V-Stylist: Video Stylization via Collaboration and Reflection of MLLM Agents
Zhengrong Yue, Shaobin Zhuang, Kunchang Li, Yanbo Ding, Yali Wang
TL;DR
V-Stylist tackles open-query, long-video stylization by orchestrating three MLLM-based agents: Video Parser, which segments videos into shots and generates per-shot prompts; Style Parser, which identifies and selects an appropriate style model via a tree-of-thought search over a style model tree; and Style Artist, which renders shots with the chosen model and refines detail control through a multi-round self-reflection loop. The method enables shot-level content preservation and adaptive, style-consistent rendering by integrating ControlNets and temporal enhancements (AnimateDiff). A new benchmark, TVSBench, assesses condition alignment, temporal consistency, and video quality on complex videos with diverse open queries, and experiments show V-Stylist achieving state-of-the-art performance, e.g., improvements of 6.05% and 4.51% over FRESCO and ControlVideo respectively in overall metrics.

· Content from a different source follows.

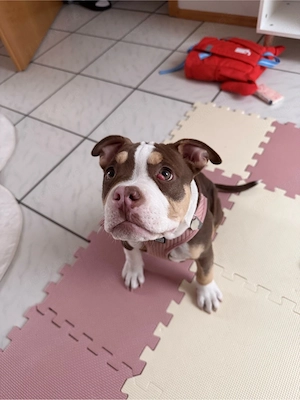 New Englisch Continental Bulldogge 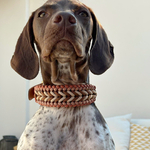 collier-chien-paracorde-brun-biothane-tresse-2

The work demonstrates the practical impact of collaborative MLLM agents and reflection-driven optimization for robust, open-ended video editing, with potential to transform long-form video stylization tools and workflows.
Abstract
Despite the recent advancement in video stylization, most existing methods struggle to render any video with complex transitions, based on an open style description of user query. To fill this gap, we introduce a generic multi-agent system for video stylization, V-Stylist, by a novel collaboration and reflection paradigm of multi-modal large language models. Specifically, our V-Stylist is a systematical workflow with three key roles: (1) Video Parser decomposes the input video into a number of shots and generates their text prompts of key shot content. Via a concise video-to-shot prompting paradigm, it allows our V-Stylist to effectively handle videos with complex transitions. (2) Style Parser identifies the style in the user query and progressively search the matched style model from a style tree. Via a robust tree-of-thought searching paradigm, it allows our V-Stylist to precisely specify vague style preference in the open user query. (3) Style Artist leverages the matched model to render all the video shots into the required style. Via a novel multi-round self-reflection paradigm, it allows our V-Stylist to adaptively adjust detail control, according to the style requirement. With such a distinct design of mimicking human professionals, our V-Stylist achieves a major breakthrough over the primary challenges for effective and automatic video stylization. Moreover,we further construct a new benchmark Text-driven Video Stylization Benchmark (TVSBench), which fills the gap to assess stylization of complex videos on open user queries. Extensive experiments show that, V-Stylist achieves the state-of-the-art, e.g.,V-Stylist surpasses FRESCO and ControlVideo by 6.05% and 4.51% respectively in overall average metrics, marking a significant advance in video stylization.